====== The data ======
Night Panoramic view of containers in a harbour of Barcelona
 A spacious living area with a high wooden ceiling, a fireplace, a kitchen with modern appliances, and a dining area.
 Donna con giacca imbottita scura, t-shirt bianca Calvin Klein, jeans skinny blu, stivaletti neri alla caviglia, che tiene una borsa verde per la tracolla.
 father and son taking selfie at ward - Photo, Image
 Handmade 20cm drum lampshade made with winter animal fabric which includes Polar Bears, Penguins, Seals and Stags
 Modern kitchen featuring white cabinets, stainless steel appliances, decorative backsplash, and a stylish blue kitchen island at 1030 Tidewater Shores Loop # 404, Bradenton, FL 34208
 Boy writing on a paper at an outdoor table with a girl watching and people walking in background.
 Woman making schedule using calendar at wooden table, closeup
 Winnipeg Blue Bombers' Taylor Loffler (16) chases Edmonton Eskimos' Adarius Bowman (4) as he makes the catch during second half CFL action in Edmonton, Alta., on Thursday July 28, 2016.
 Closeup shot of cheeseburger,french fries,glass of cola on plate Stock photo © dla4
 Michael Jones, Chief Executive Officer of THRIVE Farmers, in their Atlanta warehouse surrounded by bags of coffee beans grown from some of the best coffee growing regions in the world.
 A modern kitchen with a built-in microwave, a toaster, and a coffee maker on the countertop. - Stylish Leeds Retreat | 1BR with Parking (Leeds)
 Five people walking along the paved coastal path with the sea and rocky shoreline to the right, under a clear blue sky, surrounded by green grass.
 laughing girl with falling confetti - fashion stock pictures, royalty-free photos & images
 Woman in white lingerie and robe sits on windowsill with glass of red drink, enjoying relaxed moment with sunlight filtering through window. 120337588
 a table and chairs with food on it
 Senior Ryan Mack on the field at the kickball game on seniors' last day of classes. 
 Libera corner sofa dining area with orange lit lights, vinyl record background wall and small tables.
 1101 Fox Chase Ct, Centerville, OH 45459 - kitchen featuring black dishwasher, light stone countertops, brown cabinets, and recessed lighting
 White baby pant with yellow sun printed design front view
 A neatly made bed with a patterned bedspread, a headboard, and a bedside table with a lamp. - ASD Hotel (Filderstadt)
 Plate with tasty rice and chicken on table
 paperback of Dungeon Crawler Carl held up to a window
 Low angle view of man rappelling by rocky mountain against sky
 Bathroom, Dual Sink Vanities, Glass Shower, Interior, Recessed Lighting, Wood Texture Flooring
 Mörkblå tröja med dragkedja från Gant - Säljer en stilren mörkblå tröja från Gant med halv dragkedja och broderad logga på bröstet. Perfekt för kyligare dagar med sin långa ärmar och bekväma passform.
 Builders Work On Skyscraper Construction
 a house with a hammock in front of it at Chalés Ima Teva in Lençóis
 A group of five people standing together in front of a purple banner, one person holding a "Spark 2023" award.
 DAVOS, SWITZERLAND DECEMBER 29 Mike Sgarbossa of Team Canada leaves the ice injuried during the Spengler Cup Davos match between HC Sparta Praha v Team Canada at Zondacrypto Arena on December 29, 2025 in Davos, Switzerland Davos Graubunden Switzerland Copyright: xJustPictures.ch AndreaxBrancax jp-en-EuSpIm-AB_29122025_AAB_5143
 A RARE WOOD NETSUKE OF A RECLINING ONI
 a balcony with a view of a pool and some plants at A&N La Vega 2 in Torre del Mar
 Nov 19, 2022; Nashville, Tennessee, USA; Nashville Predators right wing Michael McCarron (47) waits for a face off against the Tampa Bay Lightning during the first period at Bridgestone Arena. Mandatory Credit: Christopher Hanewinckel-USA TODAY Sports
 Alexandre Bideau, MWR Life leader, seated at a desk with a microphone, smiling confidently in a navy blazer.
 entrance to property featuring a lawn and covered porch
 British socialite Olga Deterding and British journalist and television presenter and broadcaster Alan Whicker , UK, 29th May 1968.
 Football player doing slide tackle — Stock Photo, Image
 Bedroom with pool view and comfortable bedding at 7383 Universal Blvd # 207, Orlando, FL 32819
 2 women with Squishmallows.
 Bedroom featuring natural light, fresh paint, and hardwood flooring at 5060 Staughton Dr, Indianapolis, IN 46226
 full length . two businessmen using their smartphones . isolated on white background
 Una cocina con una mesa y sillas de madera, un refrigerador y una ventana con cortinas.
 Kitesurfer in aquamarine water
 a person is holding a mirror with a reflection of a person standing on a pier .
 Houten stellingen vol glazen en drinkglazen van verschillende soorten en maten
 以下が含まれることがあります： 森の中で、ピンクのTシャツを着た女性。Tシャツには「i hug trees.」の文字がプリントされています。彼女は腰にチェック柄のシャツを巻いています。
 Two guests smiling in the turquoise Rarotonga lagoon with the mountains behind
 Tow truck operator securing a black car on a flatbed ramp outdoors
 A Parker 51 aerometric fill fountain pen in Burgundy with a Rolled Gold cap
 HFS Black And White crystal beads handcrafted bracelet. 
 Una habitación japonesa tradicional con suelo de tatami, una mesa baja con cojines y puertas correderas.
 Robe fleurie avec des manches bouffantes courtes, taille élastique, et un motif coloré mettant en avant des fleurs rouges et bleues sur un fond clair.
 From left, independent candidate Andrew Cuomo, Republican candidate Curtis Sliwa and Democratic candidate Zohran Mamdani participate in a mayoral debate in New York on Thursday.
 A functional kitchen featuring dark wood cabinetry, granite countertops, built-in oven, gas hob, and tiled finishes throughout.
======
**Try it:** Copy each line of the entries that includes the word "surrounded".

**Solution for this task:**
 Michael Jones, Chief Executive Officer of THRIVE Farmers, in their Atlanta warehouse surrounded by bags of coffee beans grown from some of the best coffee growing regions in the world.
 Five people walking along the paved coastal path with the sea and rocky shoreline to the right, under a clear blue sky, surrounded by green grass.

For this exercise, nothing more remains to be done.